Pictures are to be left out; otherwise, copy exactly the lines from the line containing "Väderstad 6000 mm" through the end of the data.

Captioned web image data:
════════

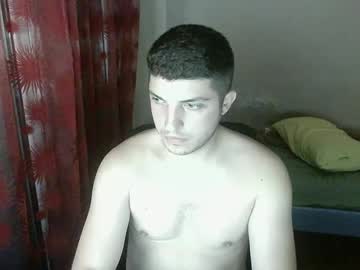 The_Fetish_G June 20, 2025 Chaturbate stream image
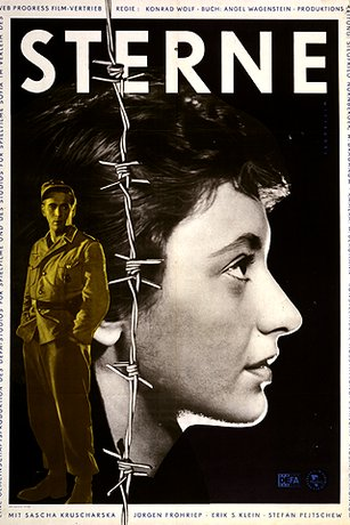 Poster de Filme Estrelas (1959)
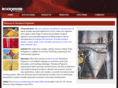 laportepigment.com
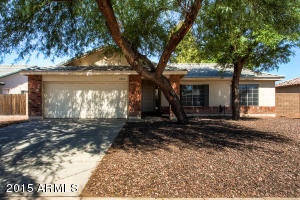 2982 E Morgan Dr, Gilbert, AZ 85295 photo 1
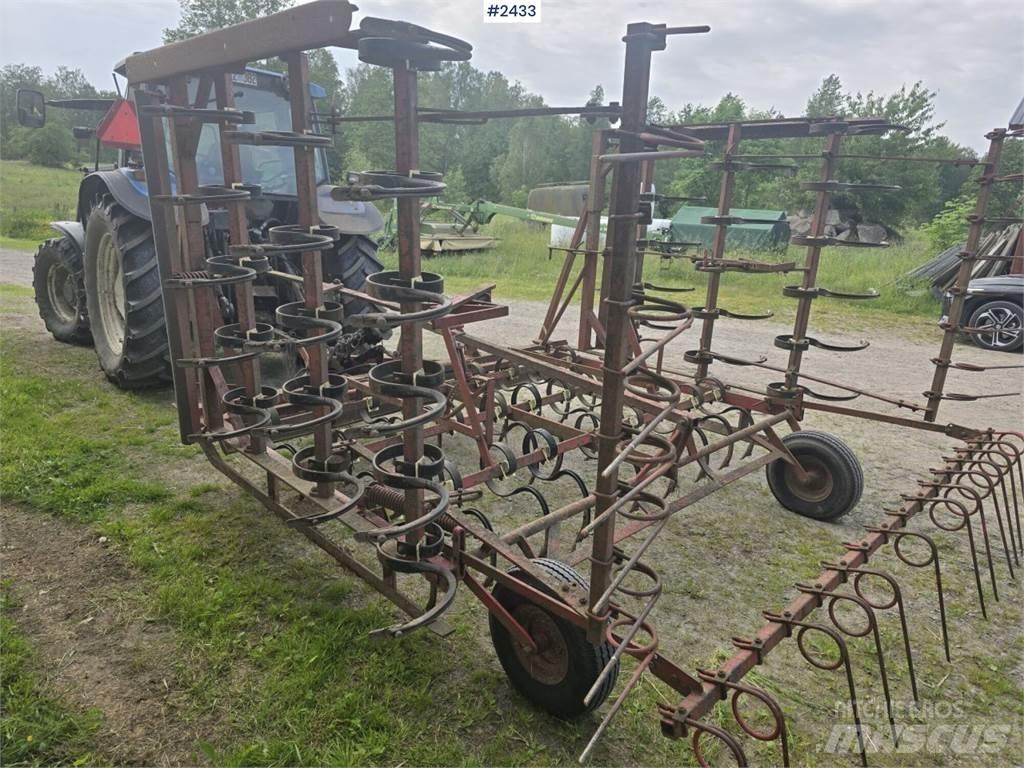 Väderstad 6000 mm Altre macchine e accessori per l'aratura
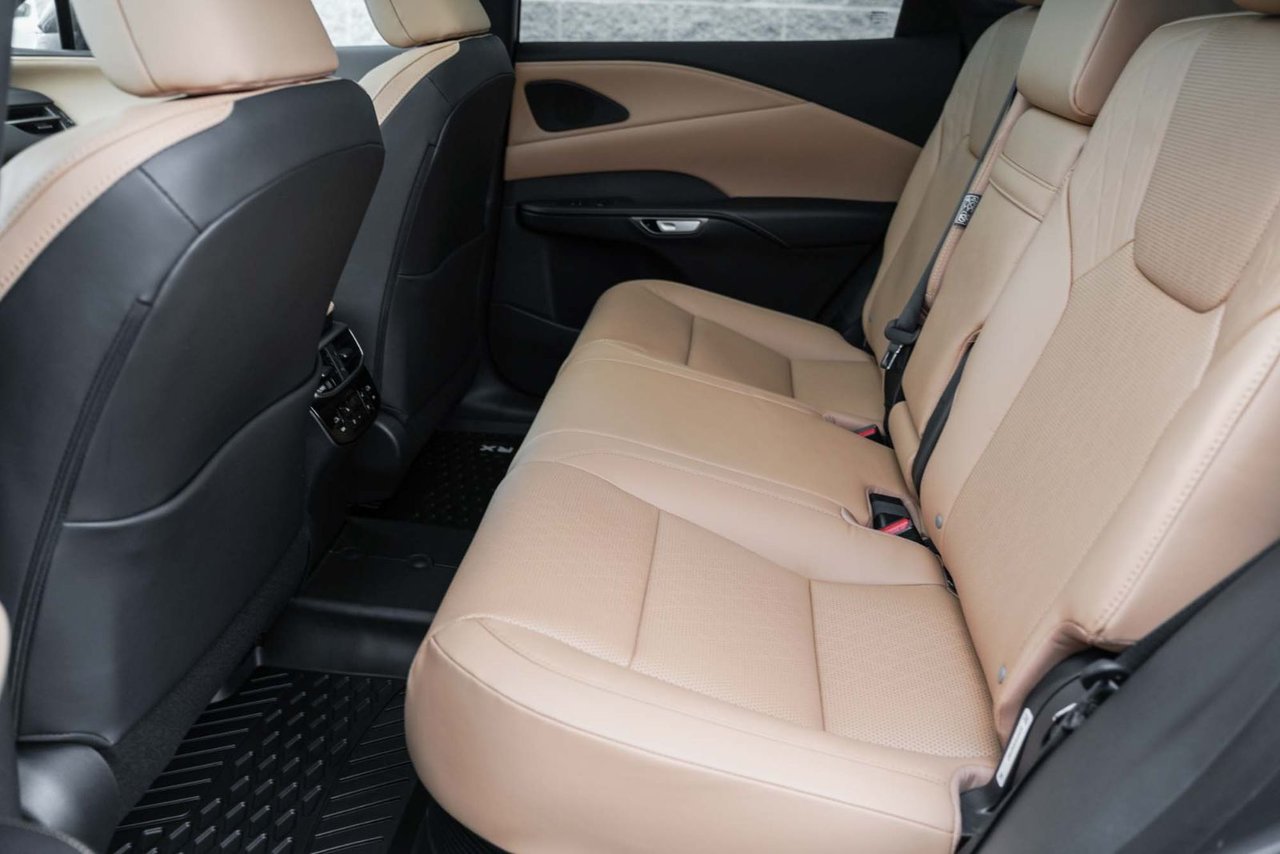 2026 Lexus RX 350H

════════

THE ANSWER:
 Väderstad 6000 mm Altre macchine e accessori per l'aratura
 2026 Lexus RX 350H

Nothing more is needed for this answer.